Pakto '88 dapat dianggap sebagai titik tonggak kebijakan liberalisasi ekonomi di Indonesia. Menjamurnya industri perbankan di Indonesia, yang selanjutnya diikuti dengan terjadinya transaksi utang luar negeri perusahaan-perusahaan swasta yang sangat pesat, mewarnai percaturan ekonomi liberal Indonesia saat itu.

Masa pembangunan ekonomi Orba pun akhirnya berakhir. Puncak kegagalan dari pembangunan ekonomi Orba ditandai dengan meledaknya krisis moneter yang diikuti dengan ambruknya seluruh sendi-sendi perekonomian Indonesia.

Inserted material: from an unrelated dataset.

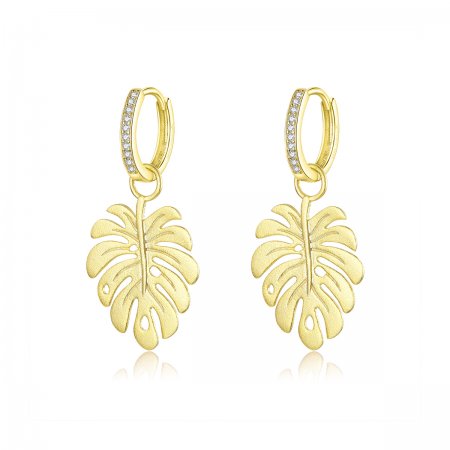 Pandora Style 18ct Gold Plated Dangle Earrings, Monstera Leaf - BSE223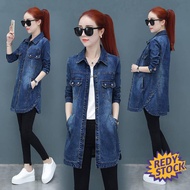 【HOT SALE】☆ seluar jeans lelaki jeans women  Jaket denim, pelajar perempuan, versi Korea, jaket denim panjang panjang yang longgar, bersaiz besar kemeja wanita kecil berwarna merah bersih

Pasca krisis moneter, memasuki era reformasi, ternyata kebijakan perekonomian Indonesia semakin liberal. Dengan mengikuti garis-garis yang telah ditentukan oleh IMF Indonesia benar-benar telah menuju liberalisasi ekonomi. Hal itu, paling tidak, dapat diukur dari beberapa indikator utama yaitu:

1. Dihapuskannya berbagai subsidi Pemerintah secara bertahap dan diserahkannya harga barang-barang strategis ke mekanisme pasar.
2. Nilai kurs rupiah diambangkan secara bebas (floating rate) sesuai dengan kesepakatan dalam LoI dengan pihak IMF, artinya harus dikembalikan pada mekanisme pasar.
3. Privatisasi BUMN, yaitu dengan menjualnya kepada pihak swasta, baik swasta nasional maupun asing.
4. Peran serta Pemerintah Indonesia dalam kancah WTO dan Perjanjian GATT, yang semakin memperjelas komitmen Indonesia untuk masuk dalam 'kubangan' liberalisasi ekonomi dunia atau Kapitalisme global.

Dampak yang Ditimbulkan
Dampak ekonomi Neoliberal bagi Indonesia setidaknya ada 3 yaitu:

1. Dikuasainya sektor kepemilikan umum oleh swasta. Akibat menganut sistem mekanisme pasar bebas Pemerintah Indonesia harus melepaskan perannya dalam berbagai pengelolaan ekonomi yang ditandai dengan banyak dikuasainya sektor-sektor yang mengusai hajat hidup orang banyak (sektor kepemilikan umum) --baik dengan cara langsung maupun melalui proses privatisasi BUMN oleh swasta.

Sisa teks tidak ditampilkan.